▸ **The data**
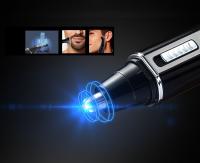 Kemei-Afeitadora eléctrica recargable todo en uno para hombres y mujeres, recortadora de cejas, Barba, cara, oreja, nariz - details 1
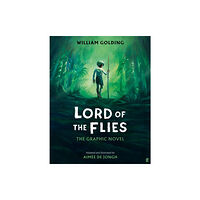 Faber & Faber Lord of the Flies (inbunden, eng)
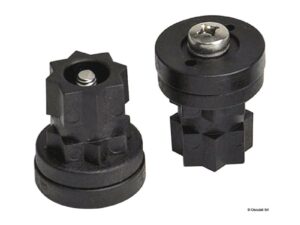 Adaptor Pair Black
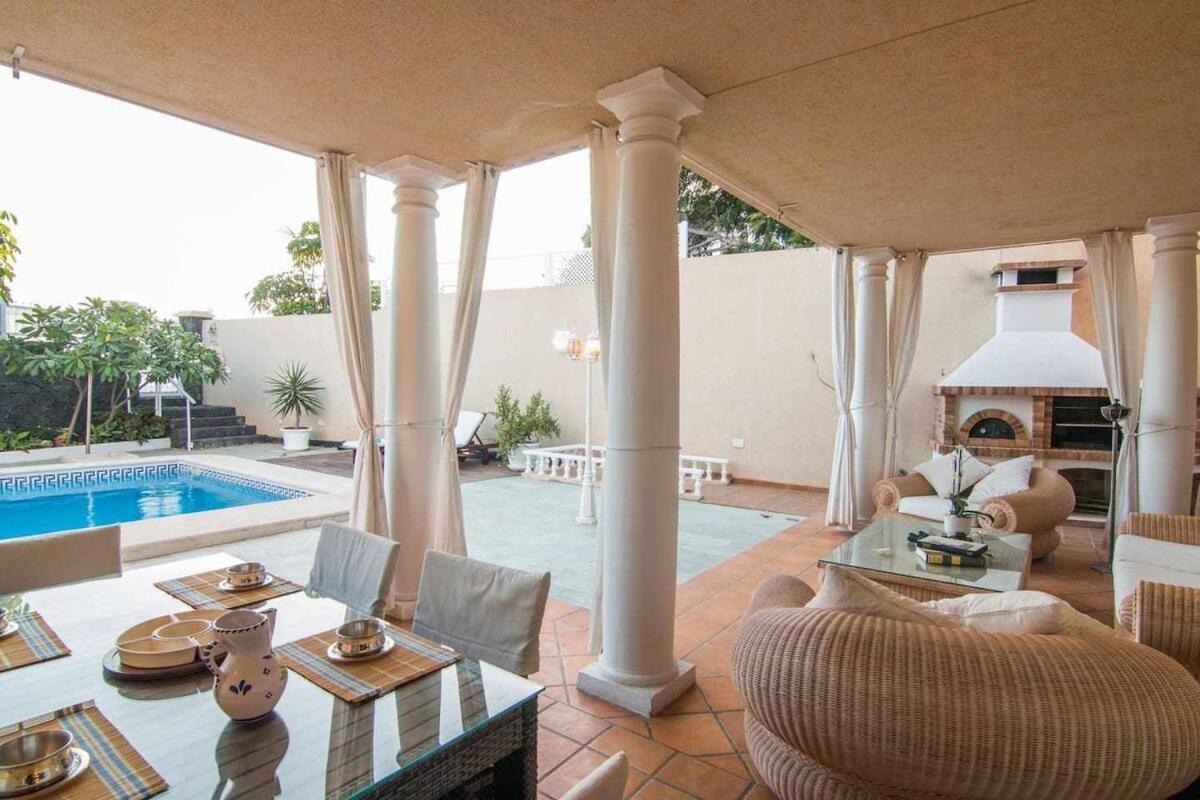 Villa La Concha Beachfront Heated Pool Плая Онда Екстериор снимка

▸ **How to complete this task**
Return the complete material exactly as it appears, without images.

▸ **Response below**
 Kemei-Afeitadora eléctrica recargable todo en uno para hombres y mujeres, recortadora de cejas, Barba, cara, oreja, nariz - details 1
 Faber & Faber Lord of the Flies (inbunden, eng)
 Adaptor Pair Black
 Villa La Concha Beachfront Heated Pool Плая Онда Екстериор снимка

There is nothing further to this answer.